Shortly after becoming Prime Minister of the UK by accident, Boris Johnson was weighing up the benefits of calling an election. Under UK law, Boris Johnson needed the support of two-thirds of the UK’s MPs to call an early election. While weighing up this decision, his Conservative party was conducting some polling that may well have violated UK electoral law.
This activity ultimately came to light because people read the privacy policy on the Conservative’s website and saw how they were collecting data. As part of their regular sign up process, the Conservative website was polling people on what their most important election issues were, and outright asking them how they would vote if an election was called.

Cummings And Goings

Boris Johnson is not very tech-savvy. This is also, somehow, one of his best qualities.
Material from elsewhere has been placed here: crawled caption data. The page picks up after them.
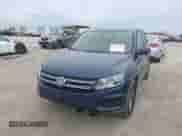 2014 Volkswagen Tiguan S с VIN WVGAV3AX0EW561155, выставлен на аукционе IAAI как лот 41362832 с пробегом 65 399 миль миль и . История ставок и продаж доступна на DreamBid. Изображение 6.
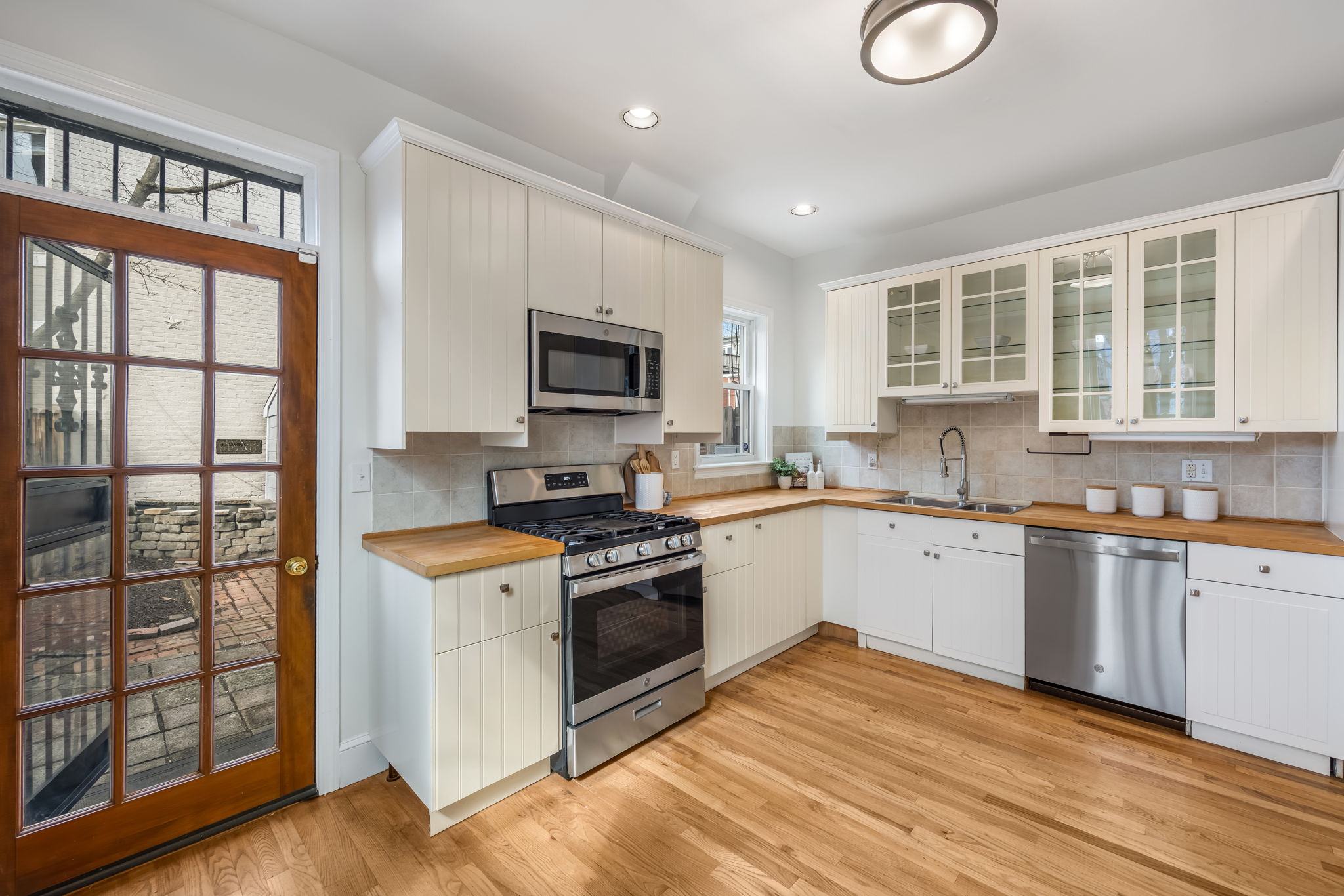 Spacious, updated, eat-in kitchen opens to patio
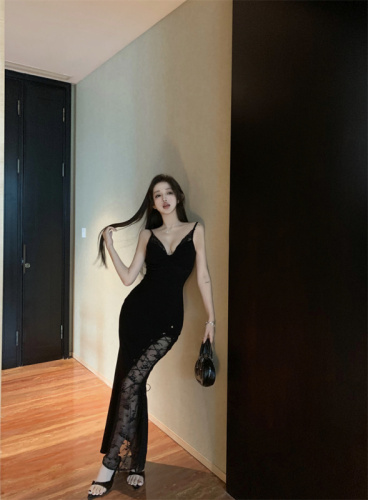 Real shot of hot girl with deep V slim fit and high slit long dress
There is a timeline somewhere where Boris Johnson is also spouting nonsense into the Twittersphere. But in our timeline, Boris Johnson has his own data goblin – Dominic Cummings. September 2019, the UK was headed straight for the October 31st deadline for crashing out of the EU without a deal.
During this time, there was a rush of people heading to websites looking for various pieces of advice, trying to find information that was often not there or remained unknown. As you can imagine, this inevitably resulted in people frantically clicking around, with more people coming to the website and interacting with it more when they were there.
A memo obtained by Buzzfeed news (They do some good journalism, we promise), allegedly from Dominic Cummings himself, told government departments to share any and all data about their websites as a “top priority”. The Information Commissioner’s Office, the UK’s data watchdog, launched an investigation into the government as a result of the reporting


Let’s say goodbye to the UK, though. Australia’s privacy watchdog has also had a tussle with Facebook, taking the social media titan to court for their role in the Cambridge Analytica scandal…hello again, UK.
The Information Commissioner of Australia, Angelene Frank, told a court that more than 300,000 Australians had their data leaked to the British firm before its rapid demise once the nature of their operations became clear.
Ensuring that the public has access to data is important and the benefits of sharing data should not be resisted. The best way of ensuring that data is not misused is to encourage as much of it to be public as possible and to ensure that watchdogs are backed by proper legislation. If the watchdog can’t bite, it won’t work.